In May 1946, the RAND Group of Douglas Aircraft released the first comprehensive look at the uses for artificial satellites. The report, Preliminary Design of a WorldCircling Spaceship, looked at the military potential of artificial satellites, and suggested three missions: weather, communications relay, and reconnaissance. However, with significant technological problems to overcome, with an Air Force wedded to airplanes for strategic reconnaissance, and with military budgets shrinking in the wake of World War II, the military largely ignored the potential of satellites until the late 1950s.

The military was not the only organization investigating the usefulness of satellites. In late 1945, British writer Arthur C. Clarke suggested the geostationary orbit as the most useful for communications relay satellites. Today, the ring of geostationary slots where the majority of communications satellites orbit is called the Clarke Belt. In 1951, the British Interplanetary Society speculated on the scientific research applications of an artificial satellite. In 1955, S. Fred Singer proposed his Minimum Orbital Unmanned Satellite of the Earth (MOUSE) to the American Rocket Society as a scientific instrument for studying the upper reaches of the atmosphere, which airplanes and balloons could not reach. Although never adopted, MOUSE was the first satellite program widely talked about in scientific and engineering circles. In the early 1950s, Soviet scientists and engineers published papers and gave talks in an effort to share scientific and engineering knowledge, but also in an effort to show the world that Soviet science and engineering matched the West's capabilities.

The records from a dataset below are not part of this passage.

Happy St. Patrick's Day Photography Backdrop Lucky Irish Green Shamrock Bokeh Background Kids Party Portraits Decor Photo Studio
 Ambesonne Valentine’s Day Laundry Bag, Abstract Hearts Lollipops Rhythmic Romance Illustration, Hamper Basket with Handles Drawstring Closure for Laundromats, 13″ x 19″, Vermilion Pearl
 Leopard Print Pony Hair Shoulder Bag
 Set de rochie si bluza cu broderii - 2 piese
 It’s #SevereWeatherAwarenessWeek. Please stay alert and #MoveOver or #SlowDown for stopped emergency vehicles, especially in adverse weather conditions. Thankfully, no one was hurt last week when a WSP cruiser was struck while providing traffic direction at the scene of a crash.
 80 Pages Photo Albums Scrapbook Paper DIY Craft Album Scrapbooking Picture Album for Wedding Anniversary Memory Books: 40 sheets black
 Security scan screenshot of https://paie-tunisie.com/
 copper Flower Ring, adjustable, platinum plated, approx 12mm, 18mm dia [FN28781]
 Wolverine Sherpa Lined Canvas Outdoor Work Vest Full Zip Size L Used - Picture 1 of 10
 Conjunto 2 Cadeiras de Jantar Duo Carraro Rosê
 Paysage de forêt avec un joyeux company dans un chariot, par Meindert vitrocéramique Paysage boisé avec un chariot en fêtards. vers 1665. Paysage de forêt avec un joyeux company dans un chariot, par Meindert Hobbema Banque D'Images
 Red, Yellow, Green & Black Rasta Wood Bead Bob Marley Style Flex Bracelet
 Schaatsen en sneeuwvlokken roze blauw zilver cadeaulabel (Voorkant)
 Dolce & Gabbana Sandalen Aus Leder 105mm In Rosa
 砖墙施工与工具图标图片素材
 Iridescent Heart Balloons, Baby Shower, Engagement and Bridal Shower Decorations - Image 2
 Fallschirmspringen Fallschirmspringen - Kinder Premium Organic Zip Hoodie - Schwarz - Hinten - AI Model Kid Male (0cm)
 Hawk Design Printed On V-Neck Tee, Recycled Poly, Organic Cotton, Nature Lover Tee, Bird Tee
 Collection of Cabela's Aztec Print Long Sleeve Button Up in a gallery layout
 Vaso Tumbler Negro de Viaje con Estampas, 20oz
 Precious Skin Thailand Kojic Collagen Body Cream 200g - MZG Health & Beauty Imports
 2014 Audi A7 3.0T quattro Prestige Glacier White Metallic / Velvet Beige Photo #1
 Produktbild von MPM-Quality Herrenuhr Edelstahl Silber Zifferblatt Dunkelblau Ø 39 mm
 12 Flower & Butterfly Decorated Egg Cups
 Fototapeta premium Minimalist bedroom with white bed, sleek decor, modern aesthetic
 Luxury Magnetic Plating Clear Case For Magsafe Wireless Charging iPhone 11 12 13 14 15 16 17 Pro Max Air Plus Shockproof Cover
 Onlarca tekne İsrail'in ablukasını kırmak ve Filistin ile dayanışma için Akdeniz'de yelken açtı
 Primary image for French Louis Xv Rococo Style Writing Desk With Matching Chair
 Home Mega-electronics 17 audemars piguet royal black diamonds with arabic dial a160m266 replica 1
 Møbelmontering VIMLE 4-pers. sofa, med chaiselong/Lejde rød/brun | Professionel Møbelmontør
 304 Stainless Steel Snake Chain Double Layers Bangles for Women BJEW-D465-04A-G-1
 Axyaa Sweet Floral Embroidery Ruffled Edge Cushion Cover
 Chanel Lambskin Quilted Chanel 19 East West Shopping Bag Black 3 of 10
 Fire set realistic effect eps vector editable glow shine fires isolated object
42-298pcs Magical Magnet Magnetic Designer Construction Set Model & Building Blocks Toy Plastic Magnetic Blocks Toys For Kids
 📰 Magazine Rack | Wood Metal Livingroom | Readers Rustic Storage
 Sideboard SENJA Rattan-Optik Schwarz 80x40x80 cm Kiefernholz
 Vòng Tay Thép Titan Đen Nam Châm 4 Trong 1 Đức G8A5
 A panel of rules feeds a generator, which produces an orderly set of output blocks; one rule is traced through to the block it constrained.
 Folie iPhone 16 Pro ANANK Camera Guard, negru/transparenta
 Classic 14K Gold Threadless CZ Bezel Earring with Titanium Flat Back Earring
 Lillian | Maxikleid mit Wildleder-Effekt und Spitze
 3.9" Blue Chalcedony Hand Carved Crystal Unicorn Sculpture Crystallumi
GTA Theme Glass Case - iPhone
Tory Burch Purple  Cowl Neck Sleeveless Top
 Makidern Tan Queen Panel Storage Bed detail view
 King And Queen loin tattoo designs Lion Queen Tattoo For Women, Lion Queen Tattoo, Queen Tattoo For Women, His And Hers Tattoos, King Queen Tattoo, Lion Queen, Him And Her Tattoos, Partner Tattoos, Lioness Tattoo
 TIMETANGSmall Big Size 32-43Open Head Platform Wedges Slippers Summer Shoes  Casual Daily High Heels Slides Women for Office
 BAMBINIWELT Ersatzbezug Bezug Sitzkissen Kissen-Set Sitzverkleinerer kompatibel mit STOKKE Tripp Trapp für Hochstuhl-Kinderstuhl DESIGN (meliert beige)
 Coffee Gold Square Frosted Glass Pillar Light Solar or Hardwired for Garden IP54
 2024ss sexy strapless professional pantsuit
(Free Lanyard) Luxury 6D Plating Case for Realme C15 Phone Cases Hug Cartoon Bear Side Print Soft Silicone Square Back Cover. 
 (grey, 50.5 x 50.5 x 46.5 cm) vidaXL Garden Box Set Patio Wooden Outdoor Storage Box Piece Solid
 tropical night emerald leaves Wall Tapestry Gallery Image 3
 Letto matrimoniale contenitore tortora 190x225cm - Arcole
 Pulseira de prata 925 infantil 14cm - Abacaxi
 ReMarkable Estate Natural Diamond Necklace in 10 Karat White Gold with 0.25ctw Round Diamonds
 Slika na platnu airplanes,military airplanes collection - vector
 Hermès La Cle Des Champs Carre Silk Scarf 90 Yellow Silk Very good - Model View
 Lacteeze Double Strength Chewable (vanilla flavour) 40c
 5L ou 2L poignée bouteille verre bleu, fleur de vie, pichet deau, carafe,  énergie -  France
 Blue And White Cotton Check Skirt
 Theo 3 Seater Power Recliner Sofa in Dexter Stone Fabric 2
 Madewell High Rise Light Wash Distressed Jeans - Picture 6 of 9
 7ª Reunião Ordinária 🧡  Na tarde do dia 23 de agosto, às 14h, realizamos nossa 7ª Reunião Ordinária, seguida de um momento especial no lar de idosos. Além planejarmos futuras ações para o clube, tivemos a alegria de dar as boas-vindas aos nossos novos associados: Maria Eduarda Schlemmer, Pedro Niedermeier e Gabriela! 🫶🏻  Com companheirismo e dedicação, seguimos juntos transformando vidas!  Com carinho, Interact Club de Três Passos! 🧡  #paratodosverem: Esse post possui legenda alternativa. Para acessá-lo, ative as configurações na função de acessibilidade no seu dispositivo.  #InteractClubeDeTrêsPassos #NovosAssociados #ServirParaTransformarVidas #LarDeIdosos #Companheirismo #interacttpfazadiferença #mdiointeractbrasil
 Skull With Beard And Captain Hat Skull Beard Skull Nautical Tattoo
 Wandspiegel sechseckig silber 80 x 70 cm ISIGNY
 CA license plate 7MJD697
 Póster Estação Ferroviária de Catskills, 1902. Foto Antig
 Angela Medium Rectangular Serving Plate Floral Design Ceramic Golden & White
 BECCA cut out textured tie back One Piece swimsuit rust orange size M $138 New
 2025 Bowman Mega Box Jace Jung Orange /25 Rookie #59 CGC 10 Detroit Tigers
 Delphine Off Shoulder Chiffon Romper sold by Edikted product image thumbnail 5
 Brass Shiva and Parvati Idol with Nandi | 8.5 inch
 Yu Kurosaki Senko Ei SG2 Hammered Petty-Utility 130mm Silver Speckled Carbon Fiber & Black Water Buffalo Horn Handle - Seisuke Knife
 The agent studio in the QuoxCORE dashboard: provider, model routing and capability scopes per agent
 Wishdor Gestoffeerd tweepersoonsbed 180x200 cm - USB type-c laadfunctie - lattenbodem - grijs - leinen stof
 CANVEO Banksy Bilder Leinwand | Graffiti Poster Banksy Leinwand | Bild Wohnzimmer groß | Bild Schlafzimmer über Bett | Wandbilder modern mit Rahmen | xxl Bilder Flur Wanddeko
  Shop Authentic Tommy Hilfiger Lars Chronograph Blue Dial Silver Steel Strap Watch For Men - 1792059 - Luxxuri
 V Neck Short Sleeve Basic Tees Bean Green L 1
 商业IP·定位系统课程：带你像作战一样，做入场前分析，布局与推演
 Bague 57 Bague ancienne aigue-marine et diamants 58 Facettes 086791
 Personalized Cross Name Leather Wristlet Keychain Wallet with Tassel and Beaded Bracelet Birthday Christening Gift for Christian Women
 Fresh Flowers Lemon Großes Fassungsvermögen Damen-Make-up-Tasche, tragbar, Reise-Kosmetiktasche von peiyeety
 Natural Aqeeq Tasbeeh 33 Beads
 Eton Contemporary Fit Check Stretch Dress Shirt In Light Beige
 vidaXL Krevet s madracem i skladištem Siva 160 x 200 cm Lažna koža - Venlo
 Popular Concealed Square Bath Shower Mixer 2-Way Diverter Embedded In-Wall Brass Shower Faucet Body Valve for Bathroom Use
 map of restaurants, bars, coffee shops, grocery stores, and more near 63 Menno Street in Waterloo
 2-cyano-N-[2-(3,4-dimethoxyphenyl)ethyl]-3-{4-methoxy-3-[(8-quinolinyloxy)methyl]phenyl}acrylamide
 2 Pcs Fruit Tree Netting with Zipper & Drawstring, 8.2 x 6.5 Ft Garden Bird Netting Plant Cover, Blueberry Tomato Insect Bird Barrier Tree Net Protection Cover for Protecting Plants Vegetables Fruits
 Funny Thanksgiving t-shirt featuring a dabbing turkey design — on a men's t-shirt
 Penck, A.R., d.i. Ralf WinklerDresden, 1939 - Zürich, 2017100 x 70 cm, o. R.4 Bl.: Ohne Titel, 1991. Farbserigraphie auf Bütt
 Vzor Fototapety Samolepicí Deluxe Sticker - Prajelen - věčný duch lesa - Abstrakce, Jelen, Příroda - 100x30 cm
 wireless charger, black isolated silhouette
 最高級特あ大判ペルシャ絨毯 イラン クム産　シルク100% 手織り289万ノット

In October 1957, the Soviet Union became the first nation to orbit a satellite when an R-7 intercontinental ballistic missile launched Sputnik I. The satellite, an aluminum sphere less than two feet in diameter and weighing less than 200 pounds, also launched the field of space law by establishing the precedent of freedom of overflight in space. A month later, the Soviets orbited Sputnik II, an even larger satellite, with a dog as a passenger. On December 6, the United States’ attempt to launch Vanguard I failed spectacularly in a nationally televised rocket blast. The satellite ejected from the booster when it exploded, and beeped helplessly on the ground, earning it the nickname “Kaputnik.” Scientist Wernher von Braun and his team quickly proceeded with their satellite, Explorer I, which launched less than three months later. Instruments aboard detected the Van Allen radiation belts around the Earth. Scientist James Van Allen had built the satellite's Geiger counter and theorized that radiation bombarded it, which was later confirmed by other satellites.